Opinion
No. 08-3038.
Submitted: December 4, 2009.
Filed: December 9, 2009.
Appeal from the United States District Court for the Northern District of Iowa.
Peter E. Deegan, Jr., U.S. Attorney's Office, Cedar Rapids, IA, for Appellee.
Jill M. Johnston, Assistant, Federal Public Defender's Office, Cedar Rapids, IA, for Appellant.
Kenneth Lee Richardson, Forrest City, AR, pro se.
Before WOLLMAN, RILEY, and SMITH, Circuit Judges.
[UNPUBLISHED]
Kenneth Richardson (Richardson) pled guilty to receipt and attempted receipt of child pornography, in violation of 18 U.S.C. § 2252A(a)(2)(A), (b)(1). The district court imposed a sentence of 151 months in prison and 10 years of supervised release. On appeal, Richardson's counsel has moved to withdraw and filed a brief under Anders v. California, 386 U.S. 738, 87 S.Ct. 1396, 18 L.Ed.2d 493 (1967), arguing the sentence was unreasonable given Richardson's minimal criminal history, mental-health problems, and successful drug-abuse treatment.
The Honorable Linda R. Reade, Chief Judge, United States District Court for the Northern District of Iowa.

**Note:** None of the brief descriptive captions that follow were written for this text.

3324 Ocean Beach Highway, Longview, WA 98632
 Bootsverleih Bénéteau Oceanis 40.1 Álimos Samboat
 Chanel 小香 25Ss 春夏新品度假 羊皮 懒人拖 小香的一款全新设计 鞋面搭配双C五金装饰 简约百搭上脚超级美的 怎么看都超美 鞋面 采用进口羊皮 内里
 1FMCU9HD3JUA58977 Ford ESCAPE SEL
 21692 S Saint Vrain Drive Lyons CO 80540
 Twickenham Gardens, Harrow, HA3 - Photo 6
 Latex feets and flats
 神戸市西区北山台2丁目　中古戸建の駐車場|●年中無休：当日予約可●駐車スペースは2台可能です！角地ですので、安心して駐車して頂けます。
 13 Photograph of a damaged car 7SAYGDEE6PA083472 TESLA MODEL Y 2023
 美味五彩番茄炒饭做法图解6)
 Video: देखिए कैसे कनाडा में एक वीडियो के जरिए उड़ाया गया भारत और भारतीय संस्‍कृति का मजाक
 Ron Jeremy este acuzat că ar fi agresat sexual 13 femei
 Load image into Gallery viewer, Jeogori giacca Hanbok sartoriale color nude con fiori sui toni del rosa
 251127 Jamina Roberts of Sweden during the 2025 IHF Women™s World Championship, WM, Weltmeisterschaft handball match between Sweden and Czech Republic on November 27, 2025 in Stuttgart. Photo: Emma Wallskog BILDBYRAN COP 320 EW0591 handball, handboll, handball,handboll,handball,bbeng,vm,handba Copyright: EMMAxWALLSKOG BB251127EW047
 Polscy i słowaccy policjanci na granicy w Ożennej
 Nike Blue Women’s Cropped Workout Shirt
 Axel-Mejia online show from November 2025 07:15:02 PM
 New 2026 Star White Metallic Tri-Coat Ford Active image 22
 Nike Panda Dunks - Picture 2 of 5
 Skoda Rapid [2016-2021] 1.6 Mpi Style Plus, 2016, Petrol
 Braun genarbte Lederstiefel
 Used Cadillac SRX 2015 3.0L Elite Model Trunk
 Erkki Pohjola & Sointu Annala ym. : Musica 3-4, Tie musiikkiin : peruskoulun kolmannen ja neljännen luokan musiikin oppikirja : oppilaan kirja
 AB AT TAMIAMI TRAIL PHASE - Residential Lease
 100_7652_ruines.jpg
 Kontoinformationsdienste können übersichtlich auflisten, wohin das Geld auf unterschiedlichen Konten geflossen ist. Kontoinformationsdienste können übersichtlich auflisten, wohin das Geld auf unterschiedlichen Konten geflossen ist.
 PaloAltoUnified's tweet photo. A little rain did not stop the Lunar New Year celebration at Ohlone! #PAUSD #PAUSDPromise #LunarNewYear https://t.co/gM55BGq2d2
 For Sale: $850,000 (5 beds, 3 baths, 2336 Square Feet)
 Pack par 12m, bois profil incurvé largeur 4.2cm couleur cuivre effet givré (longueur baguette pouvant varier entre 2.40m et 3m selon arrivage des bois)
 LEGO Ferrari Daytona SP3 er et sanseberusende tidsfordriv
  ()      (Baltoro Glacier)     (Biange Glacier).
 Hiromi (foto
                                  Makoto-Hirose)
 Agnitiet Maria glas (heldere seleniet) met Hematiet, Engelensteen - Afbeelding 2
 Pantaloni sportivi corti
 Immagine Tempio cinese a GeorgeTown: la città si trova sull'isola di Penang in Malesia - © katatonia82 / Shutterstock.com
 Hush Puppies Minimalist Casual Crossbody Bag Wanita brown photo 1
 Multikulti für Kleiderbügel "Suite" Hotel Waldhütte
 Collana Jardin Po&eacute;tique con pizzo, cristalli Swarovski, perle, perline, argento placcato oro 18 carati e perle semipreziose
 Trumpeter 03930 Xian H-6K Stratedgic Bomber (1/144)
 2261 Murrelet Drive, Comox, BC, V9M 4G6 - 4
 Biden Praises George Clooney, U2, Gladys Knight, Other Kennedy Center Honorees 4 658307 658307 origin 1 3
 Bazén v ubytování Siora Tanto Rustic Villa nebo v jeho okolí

We conclude Richardson's sentence, which was at the bottom of the undisputed advisory Guidelines range, was reasonable. See United States v. Feemster, 572 F.3d 455, 461, 464 (8th Cir. 2009) (en banc) (standard of review); United States v. Sicaros-Quintero, 557 F.3d 579, 583 (8th Cir. 2009) (according a presumption of reasonableness to a sentence at the bottom of the Guidelines range). There is no indication in the record that the district court overlooked or misapplied any relevant 18 U.S.C. § 3553(a) factor, or gave significant weight to an improper or irrelevant factor. See United States v. Stults, 575 F.3d 834, 849 (8th Cir. 2009) (explaining that where the record reflected the district court made an individualized assessment based upon the facts presented and specifically addressed defendant's proffered information in the court's consideration of the sentencing factors, the sentence was not unreasonable).
After reviewing the record independently under Penson v. Ohio, 488 U.S. 75, 109 S.Ct. 346, 102 L.Ed.2d 300 (1988), we find no nonfrivolous issues for appeal. We grant counsel's motion to withdraw, and we affirm the judgment.